■ **The task**
Starting at the line below holding "hand using tablet" and stopping at the line holding "Kuromi ชุดกระเป๋าใส่บัตรนักเรียน และบัตรรถบัส", print every line exactly, both ends included, and leave the rest out.

■ **Provided data**
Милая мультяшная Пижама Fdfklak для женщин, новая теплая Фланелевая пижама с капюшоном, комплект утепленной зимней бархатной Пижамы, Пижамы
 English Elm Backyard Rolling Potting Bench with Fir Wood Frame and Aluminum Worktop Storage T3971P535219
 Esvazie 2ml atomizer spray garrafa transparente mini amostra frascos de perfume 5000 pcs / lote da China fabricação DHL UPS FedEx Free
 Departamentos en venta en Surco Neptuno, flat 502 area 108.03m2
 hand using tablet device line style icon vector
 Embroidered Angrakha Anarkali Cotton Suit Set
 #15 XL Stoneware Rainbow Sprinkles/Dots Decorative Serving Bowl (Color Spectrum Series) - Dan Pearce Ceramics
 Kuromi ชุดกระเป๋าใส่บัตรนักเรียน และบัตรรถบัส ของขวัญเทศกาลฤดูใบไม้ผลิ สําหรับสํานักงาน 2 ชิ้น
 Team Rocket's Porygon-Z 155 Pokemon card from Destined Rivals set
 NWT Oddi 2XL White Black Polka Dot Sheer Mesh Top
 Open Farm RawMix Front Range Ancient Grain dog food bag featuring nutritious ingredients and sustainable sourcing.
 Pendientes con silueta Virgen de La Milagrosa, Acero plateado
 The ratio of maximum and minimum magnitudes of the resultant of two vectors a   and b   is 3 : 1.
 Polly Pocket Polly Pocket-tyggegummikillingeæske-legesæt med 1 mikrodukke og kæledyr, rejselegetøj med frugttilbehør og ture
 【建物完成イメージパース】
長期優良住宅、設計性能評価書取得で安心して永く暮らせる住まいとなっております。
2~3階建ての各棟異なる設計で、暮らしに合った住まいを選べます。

■ **Solution to this problem**
 hand using tablet device line style icon vector
 Embroidered Angrakha Anarkali Cotton Suit Set
 #15 XL Stoneware Rainbow Sprinkles/Dots Decorative Serving Bowl (Color Spectrum Series) - Dan Pearce Ceramics
 Kuromi ชุดกระเป๋าใส่บัตรนักเรียน และบัตรรถบัส ของขวัญเทศกาลฤดูใบไม้ผลิ สําหรับสํานักงาน 2 ชิ้น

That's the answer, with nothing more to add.